What is expected:
Transcribe only the part of the material below that begins at the line containing "EDVARD GUALBERTO PEREIRA" and ends at the line containing "GHD Wave Triple Waver", with both kept and images left out.

Excerpted data:
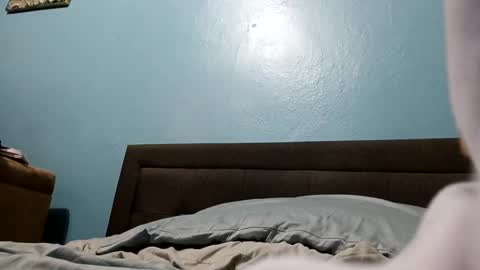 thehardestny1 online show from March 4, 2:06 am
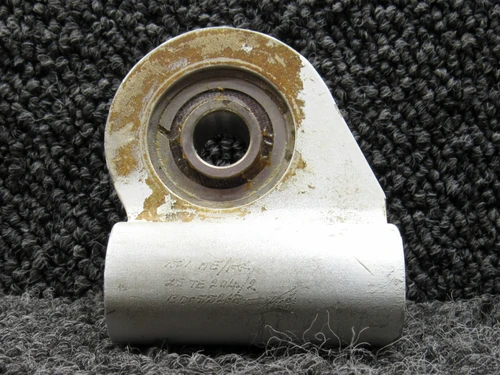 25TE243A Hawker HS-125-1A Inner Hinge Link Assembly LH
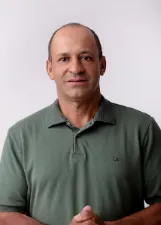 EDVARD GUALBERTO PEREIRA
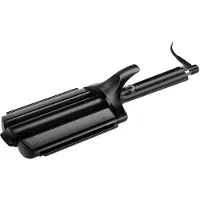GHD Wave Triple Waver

* * *

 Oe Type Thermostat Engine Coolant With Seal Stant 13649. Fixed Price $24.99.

Expected answer:
 EDVARD GUALBERTO PEREIRA
GHD Wave Triple Waver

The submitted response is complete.